#### GIVEN DATA

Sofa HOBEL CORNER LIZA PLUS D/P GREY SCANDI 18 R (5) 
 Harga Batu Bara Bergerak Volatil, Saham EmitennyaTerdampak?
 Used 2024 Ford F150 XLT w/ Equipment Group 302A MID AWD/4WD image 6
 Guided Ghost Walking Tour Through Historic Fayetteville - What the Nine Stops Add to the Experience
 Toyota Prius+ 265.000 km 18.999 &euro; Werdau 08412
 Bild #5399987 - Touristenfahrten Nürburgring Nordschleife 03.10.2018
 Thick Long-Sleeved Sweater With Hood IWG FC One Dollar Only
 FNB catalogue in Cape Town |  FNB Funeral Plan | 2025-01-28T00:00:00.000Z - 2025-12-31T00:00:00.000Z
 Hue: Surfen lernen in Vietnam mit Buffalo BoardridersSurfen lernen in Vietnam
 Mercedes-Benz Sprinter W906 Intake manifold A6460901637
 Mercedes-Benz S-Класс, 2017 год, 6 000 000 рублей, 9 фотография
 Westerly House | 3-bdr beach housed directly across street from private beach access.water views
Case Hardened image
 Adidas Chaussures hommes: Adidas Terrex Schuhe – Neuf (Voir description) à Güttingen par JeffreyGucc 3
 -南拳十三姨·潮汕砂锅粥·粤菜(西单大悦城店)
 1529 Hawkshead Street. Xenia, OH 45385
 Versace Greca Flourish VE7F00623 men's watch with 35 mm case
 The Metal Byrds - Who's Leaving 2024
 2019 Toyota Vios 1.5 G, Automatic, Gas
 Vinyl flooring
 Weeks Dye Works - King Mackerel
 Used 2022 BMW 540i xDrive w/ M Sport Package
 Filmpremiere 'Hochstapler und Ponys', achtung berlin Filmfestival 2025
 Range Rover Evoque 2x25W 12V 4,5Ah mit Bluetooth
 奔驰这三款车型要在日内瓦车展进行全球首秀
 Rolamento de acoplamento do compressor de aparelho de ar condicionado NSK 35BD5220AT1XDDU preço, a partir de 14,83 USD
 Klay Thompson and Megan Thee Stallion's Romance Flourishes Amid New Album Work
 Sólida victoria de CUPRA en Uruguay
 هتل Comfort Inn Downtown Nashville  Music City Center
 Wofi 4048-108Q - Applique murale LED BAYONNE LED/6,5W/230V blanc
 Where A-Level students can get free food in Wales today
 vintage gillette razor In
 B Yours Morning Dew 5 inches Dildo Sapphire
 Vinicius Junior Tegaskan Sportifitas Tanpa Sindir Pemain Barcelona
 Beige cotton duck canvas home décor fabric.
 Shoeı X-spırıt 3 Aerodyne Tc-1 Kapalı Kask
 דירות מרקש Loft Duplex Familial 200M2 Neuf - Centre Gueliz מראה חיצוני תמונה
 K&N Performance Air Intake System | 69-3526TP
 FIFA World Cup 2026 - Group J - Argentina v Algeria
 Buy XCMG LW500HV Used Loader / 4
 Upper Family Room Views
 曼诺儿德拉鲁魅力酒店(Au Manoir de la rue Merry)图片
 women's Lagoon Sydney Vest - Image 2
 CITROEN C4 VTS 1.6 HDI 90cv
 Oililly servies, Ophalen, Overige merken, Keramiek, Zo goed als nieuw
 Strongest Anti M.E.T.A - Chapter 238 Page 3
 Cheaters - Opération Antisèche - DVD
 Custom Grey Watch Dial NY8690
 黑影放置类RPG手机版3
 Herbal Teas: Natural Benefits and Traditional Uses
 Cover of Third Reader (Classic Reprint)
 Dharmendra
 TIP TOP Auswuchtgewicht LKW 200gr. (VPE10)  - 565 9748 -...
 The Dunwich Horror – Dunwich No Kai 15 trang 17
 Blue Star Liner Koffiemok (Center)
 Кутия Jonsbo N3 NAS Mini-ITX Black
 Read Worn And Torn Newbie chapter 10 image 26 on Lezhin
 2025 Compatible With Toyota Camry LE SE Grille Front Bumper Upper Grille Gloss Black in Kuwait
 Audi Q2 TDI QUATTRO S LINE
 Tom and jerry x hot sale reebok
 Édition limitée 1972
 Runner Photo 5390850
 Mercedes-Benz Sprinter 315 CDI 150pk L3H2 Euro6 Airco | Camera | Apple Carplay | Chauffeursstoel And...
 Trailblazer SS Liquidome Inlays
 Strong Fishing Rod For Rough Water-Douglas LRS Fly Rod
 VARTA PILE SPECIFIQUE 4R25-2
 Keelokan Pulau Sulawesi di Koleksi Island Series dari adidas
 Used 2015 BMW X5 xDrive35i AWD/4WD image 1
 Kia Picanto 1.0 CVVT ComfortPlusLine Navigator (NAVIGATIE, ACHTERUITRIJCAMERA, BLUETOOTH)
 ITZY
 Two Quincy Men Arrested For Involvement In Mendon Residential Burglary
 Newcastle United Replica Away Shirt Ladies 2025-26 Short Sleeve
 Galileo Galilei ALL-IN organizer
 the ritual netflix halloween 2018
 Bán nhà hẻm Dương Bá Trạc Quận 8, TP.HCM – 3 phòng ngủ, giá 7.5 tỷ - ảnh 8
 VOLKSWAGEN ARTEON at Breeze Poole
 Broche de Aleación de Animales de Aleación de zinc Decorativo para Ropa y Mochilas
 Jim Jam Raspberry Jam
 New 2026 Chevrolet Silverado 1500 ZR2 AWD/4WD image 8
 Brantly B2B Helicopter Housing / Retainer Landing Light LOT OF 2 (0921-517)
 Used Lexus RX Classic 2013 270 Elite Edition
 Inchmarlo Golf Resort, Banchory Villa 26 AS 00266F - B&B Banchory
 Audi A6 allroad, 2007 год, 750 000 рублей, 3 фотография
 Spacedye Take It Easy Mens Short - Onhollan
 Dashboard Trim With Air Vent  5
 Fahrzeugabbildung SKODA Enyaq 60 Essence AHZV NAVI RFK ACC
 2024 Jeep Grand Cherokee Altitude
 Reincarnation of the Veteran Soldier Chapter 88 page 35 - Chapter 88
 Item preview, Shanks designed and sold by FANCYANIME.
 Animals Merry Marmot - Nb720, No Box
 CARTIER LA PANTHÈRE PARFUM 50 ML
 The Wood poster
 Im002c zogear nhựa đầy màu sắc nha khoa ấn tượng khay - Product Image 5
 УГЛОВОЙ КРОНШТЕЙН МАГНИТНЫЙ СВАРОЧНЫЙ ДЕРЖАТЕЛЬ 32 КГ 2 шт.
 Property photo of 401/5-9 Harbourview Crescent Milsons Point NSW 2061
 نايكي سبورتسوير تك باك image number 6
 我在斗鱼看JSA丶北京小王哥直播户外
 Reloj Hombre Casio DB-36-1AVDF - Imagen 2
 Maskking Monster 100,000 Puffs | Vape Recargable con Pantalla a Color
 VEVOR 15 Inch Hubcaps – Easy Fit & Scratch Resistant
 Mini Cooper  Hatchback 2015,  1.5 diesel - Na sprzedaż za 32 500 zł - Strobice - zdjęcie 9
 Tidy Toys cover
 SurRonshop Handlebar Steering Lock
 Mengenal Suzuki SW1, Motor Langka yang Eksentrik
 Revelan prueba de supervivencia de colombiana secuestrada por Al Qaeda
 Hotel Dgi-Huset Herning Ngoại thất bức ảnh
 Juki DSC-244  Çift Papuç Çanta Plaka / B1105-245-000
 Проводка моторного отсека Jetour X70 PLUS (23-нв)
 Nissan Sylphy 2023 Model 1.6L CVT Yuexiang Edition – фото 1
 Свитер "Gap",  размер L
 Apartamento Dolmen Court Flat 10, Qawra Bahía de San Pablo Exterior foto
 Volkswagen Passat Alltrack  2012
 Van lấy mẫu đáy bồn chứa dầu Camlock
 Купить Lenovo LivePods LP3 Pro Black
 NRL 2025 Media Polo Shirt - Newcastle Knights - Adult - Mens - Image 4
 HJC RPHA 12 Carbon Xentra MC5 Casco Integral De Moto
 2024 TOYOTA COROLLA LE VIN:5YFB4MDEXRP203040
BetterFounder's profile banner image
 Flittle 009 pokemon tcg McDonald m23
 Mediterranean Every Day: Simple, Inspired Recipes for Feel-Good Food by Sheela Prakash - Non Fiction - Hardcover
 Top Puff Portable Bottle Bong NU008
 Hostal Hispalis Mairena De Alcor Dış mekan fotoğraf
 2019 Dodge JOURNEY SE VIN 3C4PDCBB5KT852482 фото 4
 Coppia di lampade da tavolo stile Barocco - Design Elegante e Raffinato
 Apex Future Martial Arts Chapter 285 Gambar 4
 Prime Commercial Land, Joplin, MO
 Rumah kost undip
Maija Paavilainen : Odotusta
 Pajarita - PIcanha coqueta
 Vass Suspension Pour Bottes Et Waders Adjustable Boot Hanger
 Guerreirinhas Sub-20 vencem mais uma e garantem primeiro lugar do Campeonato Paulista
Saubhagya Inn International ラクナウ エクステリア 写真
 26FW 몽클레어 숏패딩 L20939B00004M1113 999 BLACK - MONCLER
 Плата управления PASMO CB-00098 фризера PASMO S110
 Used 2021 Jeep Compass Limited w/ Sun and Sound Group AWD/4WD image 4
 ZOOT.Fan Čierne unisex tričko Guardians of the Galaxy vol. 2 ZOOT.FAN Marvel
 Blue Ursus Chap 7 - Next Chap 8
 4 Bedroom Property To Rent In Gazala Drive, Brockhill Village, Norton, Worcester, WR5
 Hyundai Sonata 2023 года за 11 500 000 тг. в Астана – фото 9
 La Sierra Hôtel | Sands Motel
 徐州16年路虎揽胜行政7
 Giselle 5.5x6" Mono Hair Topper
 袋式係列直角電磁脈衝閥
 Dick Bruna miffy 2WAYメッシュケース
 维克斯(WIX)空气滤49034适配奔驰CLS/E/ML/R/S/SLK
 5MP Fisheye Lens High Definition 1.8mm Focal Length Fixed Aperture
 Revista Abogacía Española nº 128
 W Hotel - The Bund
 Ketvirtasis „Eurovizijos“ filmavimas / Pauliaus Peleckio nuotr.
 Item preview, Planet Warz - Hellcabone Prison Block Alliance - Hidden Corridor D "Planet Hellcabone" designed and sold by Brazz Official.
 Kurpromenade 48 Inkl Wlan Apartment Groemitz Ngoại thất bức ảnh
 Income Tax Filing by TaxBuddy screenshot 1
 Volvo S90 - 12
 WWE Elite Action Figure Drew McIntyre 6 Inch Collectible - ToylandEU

########

## [TASK GOAL]
Your answer should be the lines above from the one containing "The Dunwich Horror" through the one containing "Strong Fishing Rod", copied exactly and with both ends kept.

## [OUTPUT]
 The Dunwich Horror – Dunwich No Kai 15 trang 17
 Blue Star Liner Koffiemok (Center)
 Кутия Jonsbo N3 NAS Mini-ITX Black
 Read Worn And Torn Newbie chapter 10 image 26 on Lezhin
 2025 Compatible With Toyota Camry LE SE Grille Front Bumper Upper Grille Gloss Black in Kuwait
 Audi Q2 TDI QUATTRO S LINE
 Tom and jerry x hot sale reebok
 Édition limitée 1972
 Runner Photo 5390850
 Mercedes-Benz Sprinter 315 CDI 150pk L3H2 Euro6 Airco | Camera | Apple Carplay | Chauffeursstoel And...
 Trailblazer SS Liquidome Inlays
 Strong Fishing Rod For Rough Water-Douglas LRS Fly Rod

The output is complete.